Work request
Your answer must be a word-for-word copy of the listing below, minus its pictures.

Data shown
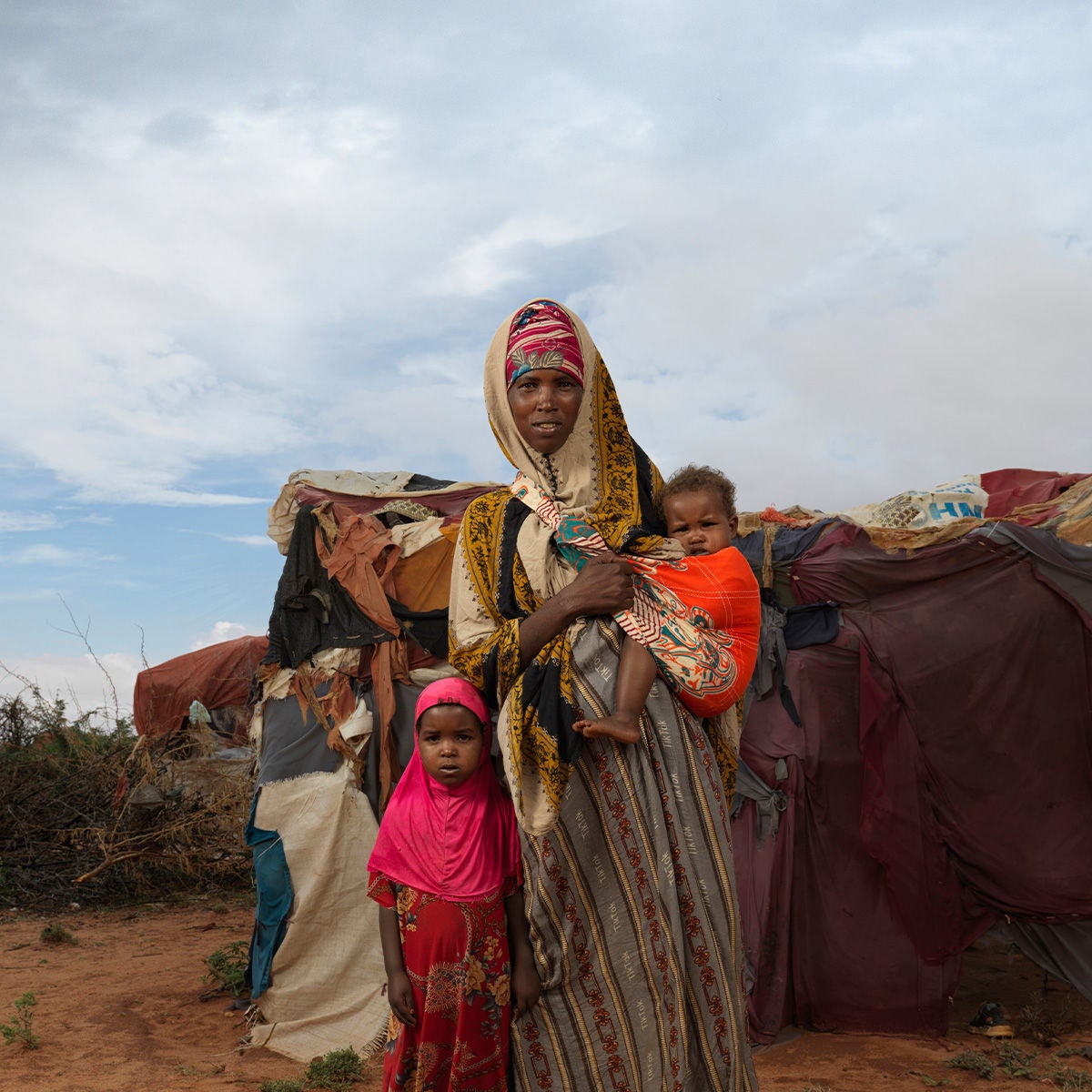 A woman with her two children near a make-shift tent in a drought-affected area in Somalia.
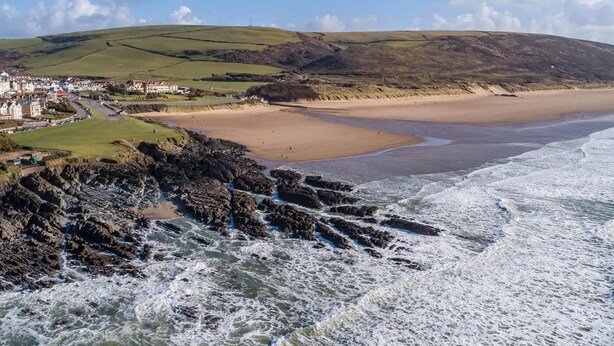 Un paysage côtier comprenant une plage, une côte rocheuse et une ville avec des bâtiments.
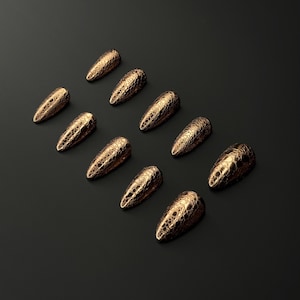 May include: Ten gold-colored, textured nail tips arranged on a black surface. The nail tips have a pointed shape and a scale-like pattern. The overall aesthetic is elegant and sophisticated, suitable for nail art.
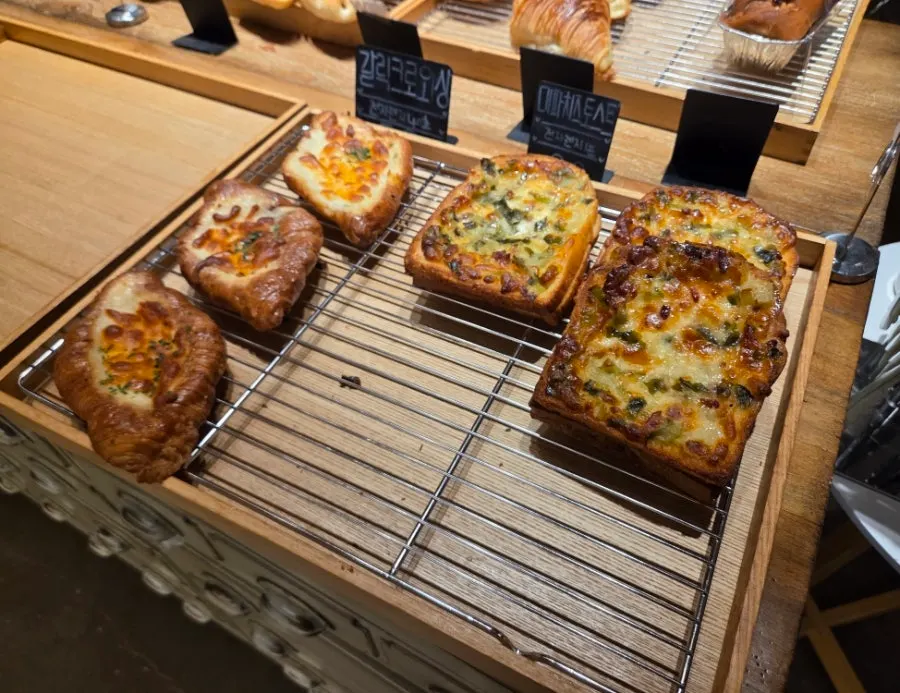 Breads displayed on On the Rail's bakery shelves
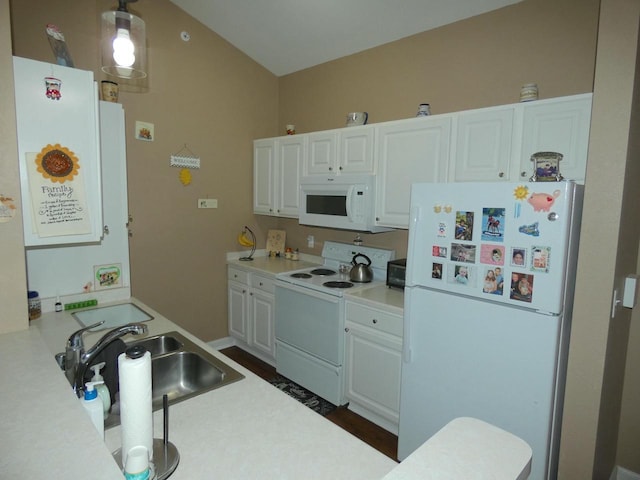 kitchen featuring light countertops, white appliances, a sink, and white cabinets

Solution to the problem
 A woman with her two children near a make-shift tent in a drought-affected area in Somalia.
 Un paysage côtier comprenant une plage, une côte rocheuse et une ville avec des bâtiments.
 May include: Ten gold-colored, textured nail tips arranged on a black surface. The nail tips have a pointed shape and a scale-like pattern. The overall aesthetic is elegant and sophisticated, suitable for nail art.
 Breads displayed on On the Rail's bakery shelves
 kitchen featuring light countertops, white appliances, a sink, and white cabinets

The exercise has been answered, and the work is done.